*Work request:*
The data below holds a line containing "Cek Kesehatan Gratis" and a line containing "Cinnamon Shore"; please quote exactly those two lines and every line between them, and nothing else.

*Records for processing:*
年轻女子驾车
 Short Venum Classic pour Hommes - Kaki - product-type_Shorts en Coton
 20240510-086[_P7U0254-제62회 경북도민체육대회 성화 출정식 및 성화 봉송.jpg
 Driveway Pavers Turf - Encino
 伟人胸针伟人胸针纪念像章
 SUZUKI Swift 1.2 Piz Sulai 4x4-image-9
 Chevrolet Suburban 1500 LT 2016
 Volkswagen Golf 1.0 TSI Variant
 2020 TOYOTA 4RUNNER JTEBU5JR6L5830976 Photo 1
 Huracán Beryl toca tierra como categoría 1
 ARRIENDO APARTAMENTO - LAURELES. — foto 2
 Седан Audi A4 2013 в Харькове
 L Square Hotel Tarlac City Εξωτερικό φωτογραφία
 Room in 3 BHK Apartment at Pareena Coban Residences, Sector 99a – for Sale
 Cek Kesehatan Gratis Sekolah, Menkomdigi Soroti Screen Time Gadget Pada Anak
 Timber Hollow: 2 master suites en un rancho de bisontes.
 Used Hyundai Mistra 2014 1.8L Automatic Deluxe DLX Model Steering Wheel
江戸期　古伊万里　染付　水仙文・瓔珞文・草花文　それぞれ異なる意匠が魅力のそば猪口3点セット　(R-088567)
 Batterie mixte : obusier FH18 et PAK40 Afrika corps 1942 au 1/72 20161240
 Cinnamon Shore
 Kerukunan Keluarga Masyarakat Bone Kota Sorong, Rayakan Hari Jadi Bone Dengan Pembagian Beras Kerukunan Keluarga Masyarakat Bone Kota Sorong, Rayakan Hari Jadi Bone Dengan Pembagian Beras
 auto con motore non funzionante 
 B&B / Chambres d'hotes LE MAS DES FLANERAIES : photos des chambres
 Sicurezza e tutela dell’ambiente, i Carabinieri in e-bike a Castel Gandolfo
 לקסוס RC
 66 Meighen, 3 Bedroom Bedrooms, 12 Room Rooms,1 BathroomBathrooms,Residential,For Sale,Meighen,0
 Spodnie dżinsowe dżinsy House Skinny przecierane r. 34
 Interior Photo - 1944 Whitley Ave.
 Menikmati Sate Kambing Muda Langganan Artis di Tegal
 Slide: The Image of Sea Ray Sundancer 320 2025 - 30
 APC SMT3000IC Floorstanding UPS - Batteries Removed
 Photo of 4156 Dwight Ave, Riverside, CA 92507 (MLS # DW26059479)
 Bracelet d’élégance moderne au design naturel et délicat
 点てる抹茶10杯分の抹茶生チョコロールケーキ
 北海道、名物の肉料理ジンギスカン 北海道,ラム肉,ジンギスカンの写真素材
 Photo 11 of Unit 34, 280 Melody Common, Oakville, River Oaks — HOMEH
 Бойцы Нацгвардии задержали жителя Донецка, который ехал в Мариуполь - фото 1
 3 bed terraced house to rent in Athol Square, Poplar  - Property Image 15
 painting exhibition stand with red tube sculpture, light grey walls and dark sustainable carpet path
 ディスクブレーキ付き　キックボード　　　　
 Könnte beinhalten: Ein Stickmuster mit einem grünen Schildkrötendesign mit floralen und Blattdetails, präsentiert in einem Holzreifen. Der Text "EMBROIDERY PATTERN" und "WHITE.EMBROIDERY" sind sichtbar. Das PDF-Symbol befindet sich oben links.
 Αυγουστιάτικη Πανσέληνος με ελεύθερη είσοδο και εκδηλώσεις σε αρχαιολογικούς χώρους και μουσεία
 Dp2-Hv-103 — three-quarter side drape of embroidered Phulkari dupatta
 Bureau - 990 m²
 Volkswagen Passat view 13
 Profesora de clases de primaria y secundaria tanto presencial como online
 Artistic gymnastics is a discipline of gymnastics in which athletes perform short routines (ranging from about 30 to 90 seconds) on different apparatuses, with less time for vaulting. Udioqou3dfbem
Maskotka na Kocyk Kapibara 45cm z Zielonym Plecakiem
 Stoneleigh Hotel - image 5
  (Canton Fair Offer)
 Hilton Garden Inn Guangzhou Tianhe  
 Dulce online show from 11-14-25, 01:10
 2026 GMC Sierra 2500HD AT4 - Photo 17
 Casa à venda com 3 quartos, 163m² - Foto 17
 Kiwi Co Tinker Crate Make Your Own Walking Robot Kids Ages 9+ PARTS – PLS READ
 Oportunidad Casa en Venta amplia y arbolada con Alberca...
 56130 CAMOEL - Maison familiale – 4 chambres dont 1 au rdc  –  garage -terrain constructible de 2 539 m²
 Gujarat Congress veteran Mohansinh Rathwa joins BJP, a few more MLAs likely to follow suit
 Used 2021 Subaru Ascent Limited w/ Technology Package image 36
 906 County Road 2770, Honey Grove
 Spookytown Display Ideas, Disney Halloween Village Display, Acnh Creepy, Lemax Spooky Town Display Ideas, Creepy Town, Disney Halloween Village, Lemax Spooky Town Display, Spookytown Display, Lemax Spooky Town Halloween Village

*Answer to this problem:*
 Cek Kesehatan Gratis Sekolah, Menkomdigi Soroti Screen Time Gadget Pada Anak
 Timber Hollow: 2 master suites en un rancho de bisontes.
 Used Hyundai Mistra 2014 1.8L Automatic Deluxe DLX Model Steering Wheel
江戸期　古伊万里　染付　水仙文・瓔珞文・草花文　それぞれ異なる意匠が魅力のそば猪口3点セット　(R-088567)
 Batterie mixte : obusier FH18 et PAK40 Afrika corps 1942 au 1/72 20161240
 Cinnamon Shore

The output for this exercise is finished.